● **WHAT TO PRODUCE**:
Your answer should hold exactly the lines beginning with the one that contains "Préfet de Vaucluse banner" and ending with the last line of the material, both included. Leave every picture out.

● **GIVEN RECORDS**:
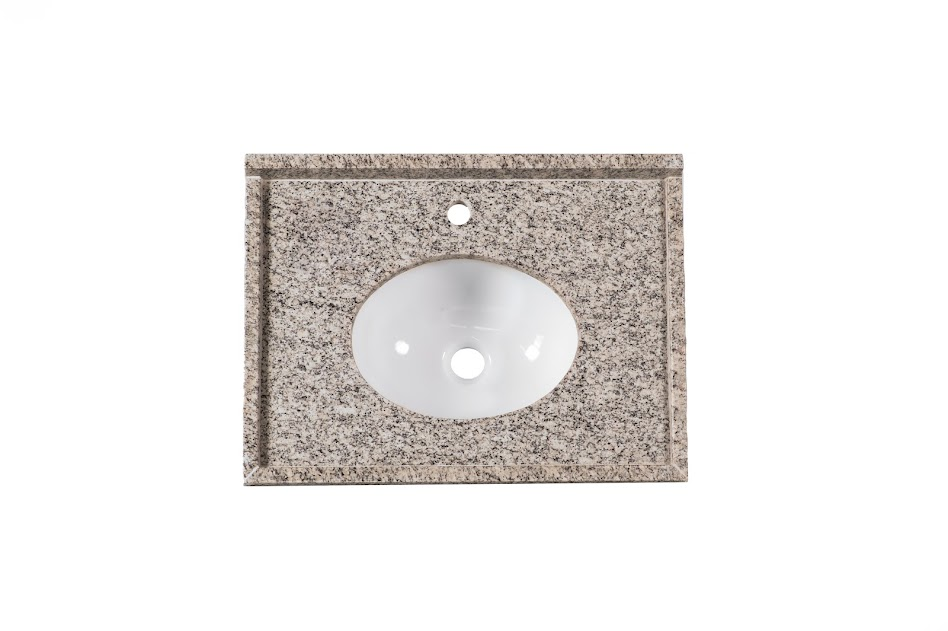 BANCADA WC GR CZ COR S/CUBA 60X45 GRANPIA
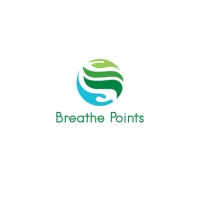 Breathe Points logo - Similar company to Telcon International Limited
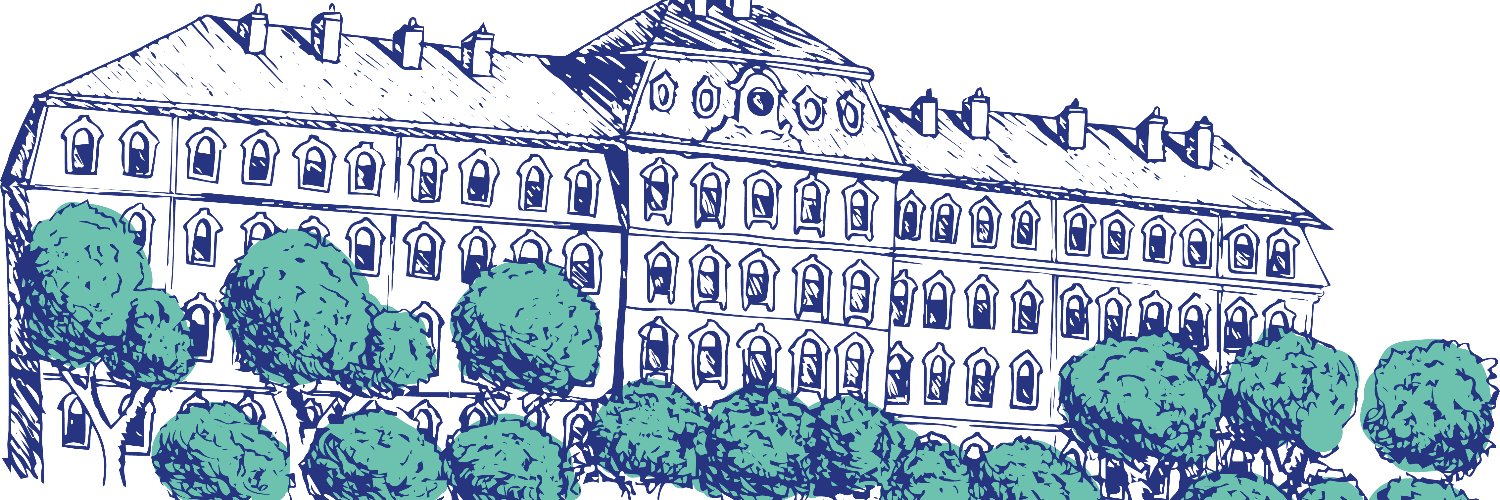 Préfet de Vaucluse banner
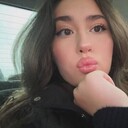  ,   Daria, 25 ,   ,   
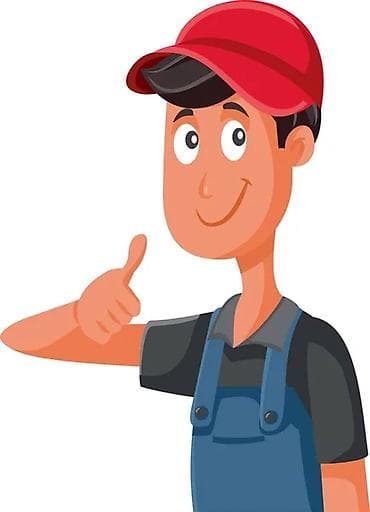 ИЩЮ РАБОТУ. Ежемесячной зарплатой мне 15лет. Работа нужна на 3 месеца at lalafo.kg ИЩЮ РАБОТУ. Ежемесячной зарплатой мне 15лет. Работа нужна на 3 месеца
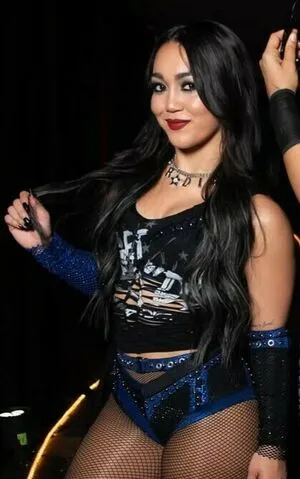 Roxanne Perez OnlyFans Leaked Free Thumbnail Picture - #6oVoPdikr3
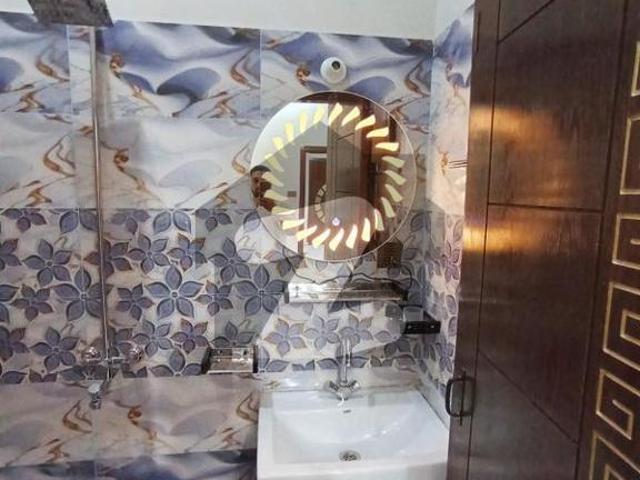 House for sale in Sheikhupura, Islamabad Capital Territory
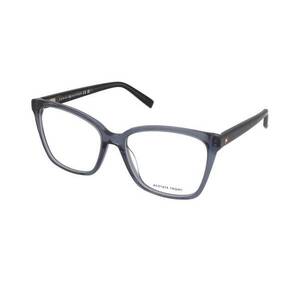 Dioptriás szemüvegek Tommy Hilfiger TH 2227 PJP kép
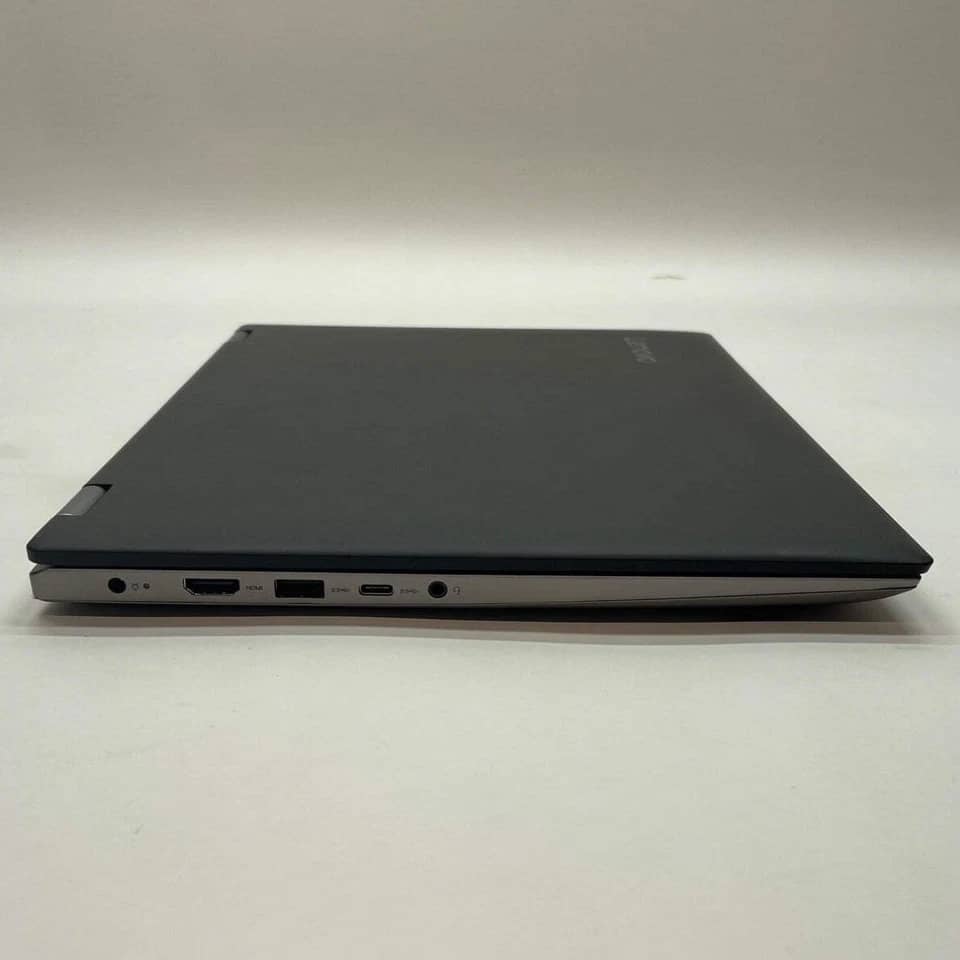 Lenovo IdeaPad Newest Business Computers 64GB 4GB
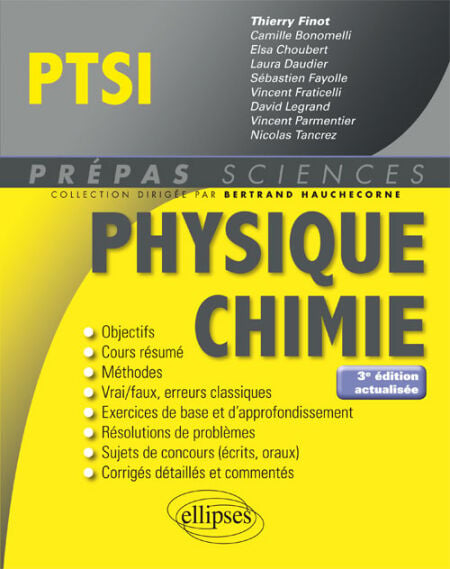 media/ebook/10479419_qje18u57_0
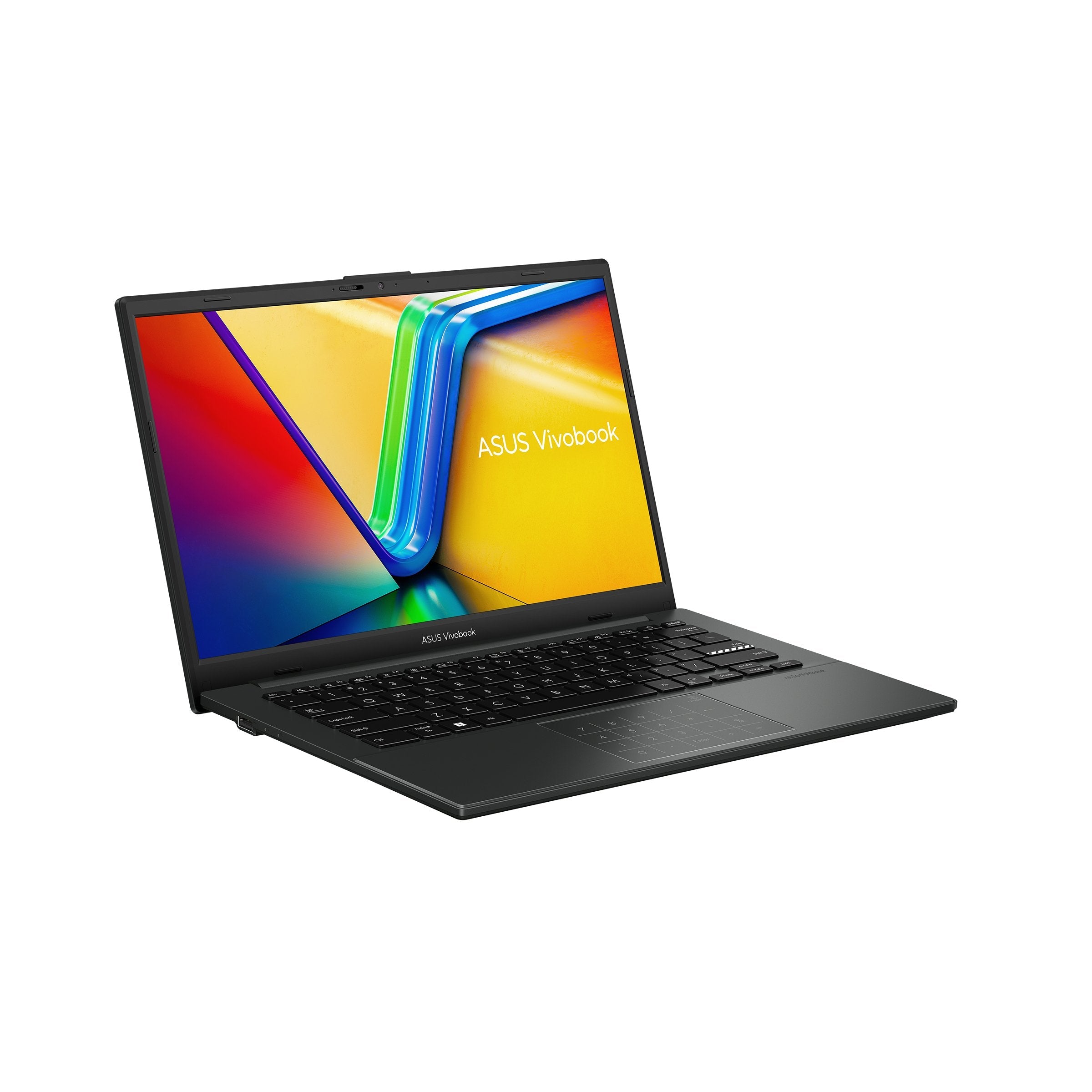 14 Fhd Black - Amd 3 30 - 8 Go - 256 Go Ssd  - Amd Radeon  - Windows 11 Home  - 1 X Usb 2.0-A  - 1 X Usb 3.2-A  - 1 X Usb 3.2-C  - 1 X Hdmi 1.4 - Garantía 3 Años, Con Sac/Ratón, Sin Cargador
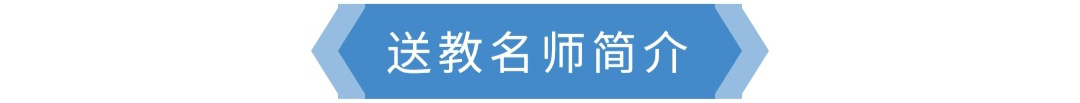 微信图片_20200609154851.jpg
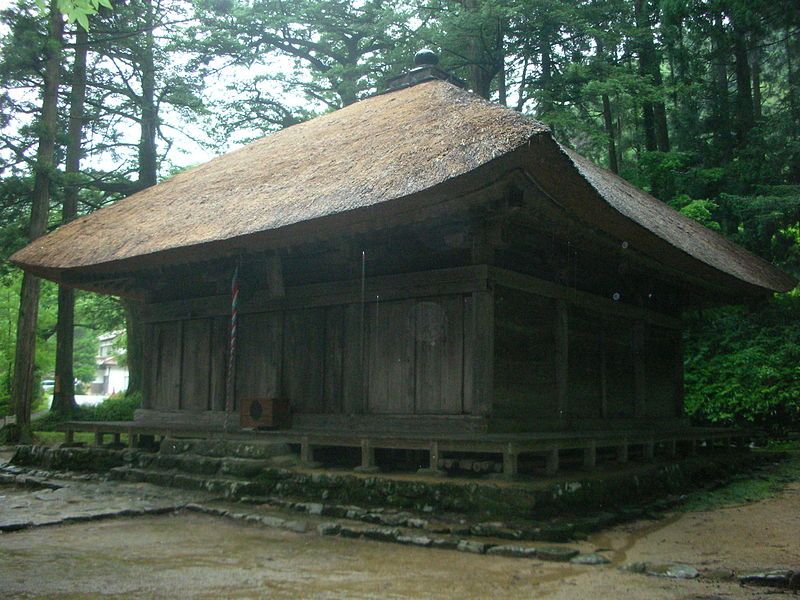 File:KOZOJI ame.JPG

● **RESULT OF THIS TASK**:
 Préfet de Vaucluse banner
  ,   Daria, 25 ,   ,   
 ИЩЮ РАБОТУ. Ежемесячной зарплатой мне 15лет. Работа нужна на 3 месеца at lalafo.kg ИЩЮ РАБОТУ. Ежемесячной зарплатой мне 15лет. Работа нужна на 3 месеца
 Roxanne Perez OnlyFans Leaked Free Thumbnail Picture - #6oVoPdikr3
 House for sale in Sheikhupura, Islamabad Capital Territory
 Dioptriás szemüvegek Tommy Hilfiger TH 2227 PJP kép
 Lenovo IdeaPad Newest Business Computers 64GB 4GB
 media/ebook/10479419_qje18u57_0
 14 Fhd Black - Amd 3 30 - 8 Go - 256 Go Ssd  - Amd Radeon  - Windows 11 Home  - 1 X Usb 2.0-A  - 1 X Usb 3.2-A  - 1 X Usb 3.2-C  - 1 X Hdmi 1.4 - Garantía 3 Años, Con Sac/Ratón, Sin Cargador
 微信图片_20200609154851.jpg
 File:KOZOJI ame.JPG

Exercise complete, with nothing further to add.